#### YOUR GOAL:
Scan the records below for the line containing "Dr Martens Boots" and the line containing "Voices for Nature Online Competition | PDF". Copy both, plus every line between, exactly.

----- INFORMATION PROVIDED -----

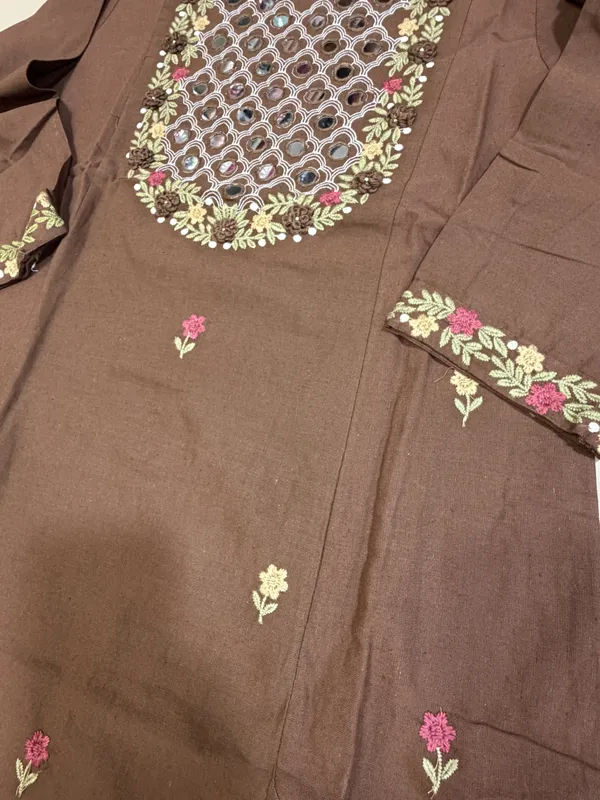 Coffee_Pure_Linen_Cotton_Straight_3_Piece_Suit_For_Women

-----
----- INFORMATION PROVIDED -----

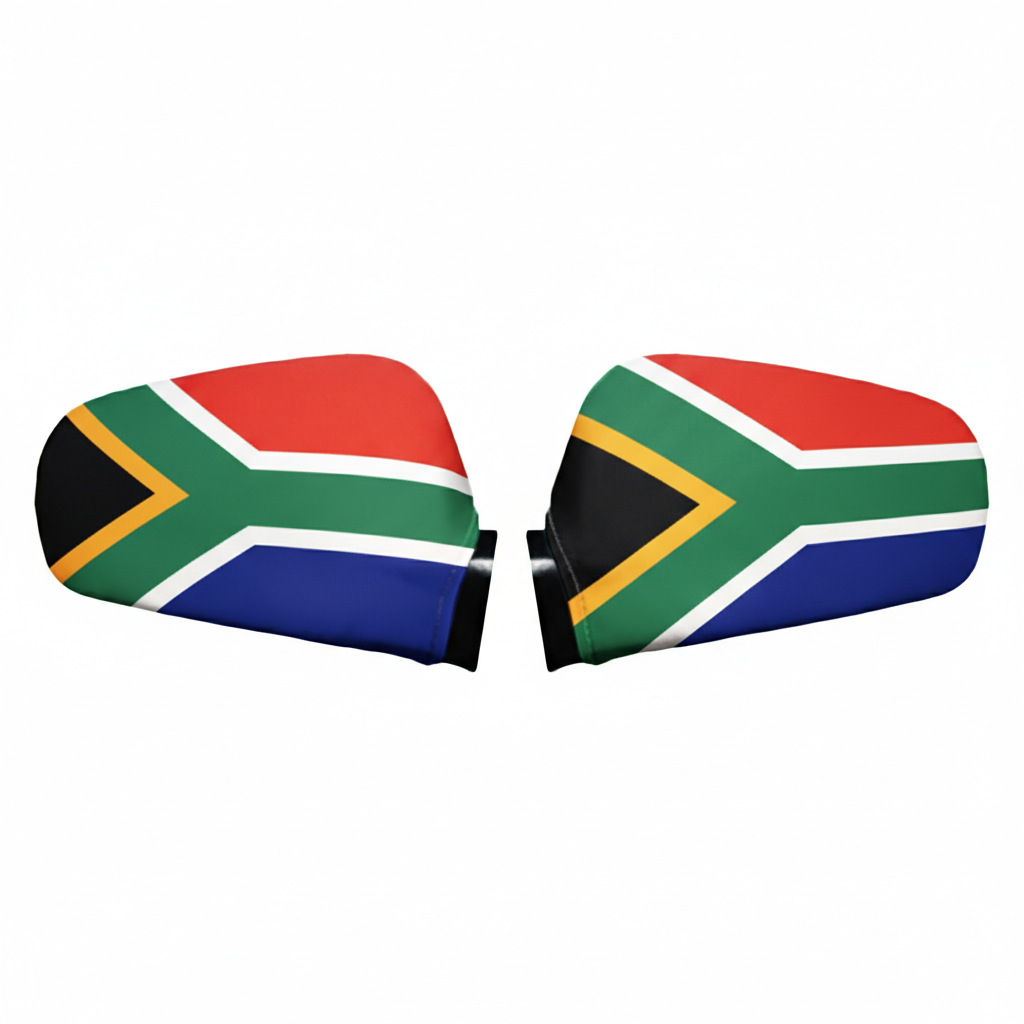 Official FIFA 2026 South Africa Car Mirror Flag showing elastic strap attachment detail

-----
----- INFORMATION PROVIDED -----

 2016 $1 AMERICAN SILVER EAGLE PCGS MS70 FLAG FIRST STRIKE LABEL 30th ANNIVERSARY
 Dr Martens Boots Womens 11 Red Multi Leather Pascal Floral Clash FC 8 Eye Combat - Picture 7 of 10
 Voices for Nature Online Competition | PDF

-----

#### PROBLEM SOLUTION:
 Dr Martens Boots Womens 11 Red Multi Leather Pascal Floral Clash FC 8 Eye Combat - Picture 7 of 10
 Voices for Nature Online Competition | PDF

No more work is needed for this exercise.